Going down the data below, set down exactly the line with "PandaEar Silicone Baby" and each line after it through the line with "Khaki 100 %хлопковая"; no other lines.
START Dataset content
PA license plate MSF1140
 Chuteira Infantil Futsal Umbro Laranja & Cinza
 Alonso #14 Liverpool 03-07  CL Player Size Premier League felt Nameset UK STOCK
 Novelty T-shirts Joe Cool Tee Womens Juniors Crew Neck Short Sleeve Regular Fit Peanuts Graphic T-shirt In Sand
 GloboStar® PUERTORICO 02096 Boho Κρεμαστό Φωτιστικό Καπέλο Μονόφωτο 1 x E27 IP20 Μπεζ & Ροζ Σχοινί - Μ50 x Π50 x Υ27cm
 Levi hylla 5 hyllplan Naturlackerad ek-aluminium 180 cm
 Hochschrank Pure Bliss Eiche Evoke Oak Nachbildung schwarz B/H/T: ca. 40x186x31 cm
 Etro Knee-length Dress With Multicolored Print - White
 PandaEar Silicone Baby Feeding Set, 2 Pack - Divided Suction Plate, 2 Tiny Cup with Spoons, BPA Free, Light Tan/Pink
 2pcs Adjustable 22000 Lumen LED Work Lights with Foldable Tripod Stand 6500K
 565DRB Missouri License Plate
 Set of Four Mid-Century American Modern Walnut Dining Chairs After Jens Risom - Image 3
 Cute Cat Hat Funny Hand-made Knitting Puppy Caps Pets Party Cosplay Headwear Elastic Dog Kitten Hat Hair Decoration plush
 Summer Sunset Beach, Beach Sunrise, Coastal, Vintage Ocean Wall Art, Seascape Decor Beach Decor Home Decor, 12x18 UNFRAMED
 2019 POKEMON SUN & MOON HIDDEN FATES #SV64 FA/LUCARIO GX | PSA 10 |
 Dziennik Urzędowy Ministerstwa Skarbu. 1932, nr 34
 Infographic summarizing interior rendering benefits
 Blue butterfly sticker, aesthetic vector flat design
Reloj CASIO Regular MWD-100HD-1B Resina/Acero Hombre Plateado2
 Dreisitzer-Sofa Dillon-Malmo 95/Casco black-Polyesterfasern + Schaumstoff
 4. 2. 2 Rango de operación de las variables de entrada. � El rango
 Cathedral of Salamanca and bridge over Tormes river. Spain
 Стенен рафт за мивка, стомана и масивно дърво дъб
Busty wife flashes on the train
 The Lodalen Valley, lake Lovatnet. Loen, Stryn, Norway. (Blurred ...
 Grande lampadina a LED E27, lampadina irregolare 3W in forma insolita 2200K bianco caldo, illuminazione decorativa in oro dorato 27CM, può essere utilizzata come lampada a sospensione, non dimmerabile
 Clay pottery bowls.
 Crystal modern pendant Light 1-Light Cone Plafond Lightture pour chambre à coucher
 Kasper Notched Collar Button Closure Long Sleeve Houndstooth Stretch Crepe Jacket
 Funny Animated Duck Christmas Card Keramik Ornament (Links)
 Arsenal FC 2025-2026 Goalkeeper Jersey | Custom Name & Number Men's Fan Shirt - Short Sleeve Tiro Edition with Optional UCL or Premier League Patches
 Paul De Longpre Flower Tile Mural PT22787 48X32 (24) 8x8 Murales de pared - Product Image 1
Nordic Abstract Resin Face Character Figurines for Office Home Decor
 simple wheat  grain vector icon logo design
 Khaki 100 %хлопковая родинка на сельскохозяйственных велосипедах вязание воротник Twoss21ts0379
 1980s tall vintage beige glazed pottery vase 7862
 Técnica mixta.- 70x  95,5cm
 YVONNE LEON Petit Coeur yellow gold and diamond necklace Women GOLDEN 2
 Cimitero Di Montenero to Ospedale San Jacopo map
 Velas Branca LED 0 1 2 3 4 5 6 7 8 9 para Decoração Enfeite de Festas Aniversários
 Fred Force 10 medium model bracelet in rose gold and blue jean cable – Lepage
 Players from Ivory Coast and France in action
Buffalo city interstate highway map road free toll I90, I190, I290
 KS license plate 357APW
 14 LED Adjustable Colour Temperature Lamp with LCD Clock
END Dataset content
> The answer:
 PandaEar Silicone Baby Feeding Set, 2 Pack - Divided Suction Plate, 2 Tiny Cup with Spoons, BPA Free, Light Tan/Pink
 2pcs Adjustable 22000 Lumen LED Work Lights with Foldable Tripod Stand 6500K
 565DRB Missouri License Plate
 Set of Four Mid-Century American Modern Walnut Dining Chairs After Jens Risom - Image 3
 Cute Cat Hat Funny Hand-made Knitting Puppy Caps Pets Party Cosplay Headwear Elastic Dog Kitten Hat Hair Decoration plush
 Summer Sunset Beach, Beach Sunrise, Coastal, Vintage Ocean Wall Art, Seascape Decor Beach Decor Home Decor, 12x18 UNFRAMED
 2019 POKEMON SUN & MOON HIDDEN FATES #SV64 FA/LUCARIO GX | PSA 10 |
 Dziennik Urzędowy Ministerstwa Skarbu. 1932, nr 34
 Infographic summarizing interior rendering benefits
 Blue butterfly sticker, aesthetic vector flat design
Reloj CASIO Regular MWD-100HD-1B Resina/Acero Hombre Plateado2
 Dreisitzer-Sofa Dillon-Malmo 95/Casco black-Polyesterfasern + Schaumstoff
 4. 2. 2 Rango de operación de las variables de entrada. � El rango
 Cathedral of Salamanca and bridge over Tormes river. Spain
 Стенен рафт за мивка, стомана и масивно дърво дъб
Busty wife flashes on the train
 The Lodalen Valley, lake Lovatnet. Loen, Stryn, Norway. (Blurred ...
 Grande lampadina a LED E27, lampadina irregolare 3W in forma insolita 2200K bianco caldo, illuminazione decorativa in oro dorato 27CM, può essere utilizzata come lampada a sospensione, non dimmerabile
 Clay pottery bowls.
 Crystal modern pendant Light 1-Light Cone Plafond Lightture pour chambre à coucher
 Kasper Notched Collar Button Closure Long Sleeve Houndstooth Stretch Crepe Jacket
 Funny Animated Duck Christmas Card Keramik Ornament (Links)
 Arsenal FC 2025-2026 Goalkeeper Jersey | Custom Name & Number Men's Fan Shirt - Short Sleeve Tiro Edition with Optional UCL or Premier League Patches
 Paul De Longpre Flower Tile Mural PT22787 48X32 (24) 8x8 Murales de pared - Product Image 1
Nordic Abstract Resin Face Character Figurines for Office Home Decor
 simple wheat  grain vector icon logo design
 Khaki 100 %хлопковая родинка на сельскохозяйственных велосипедах вязание воротник Twoss21ts0379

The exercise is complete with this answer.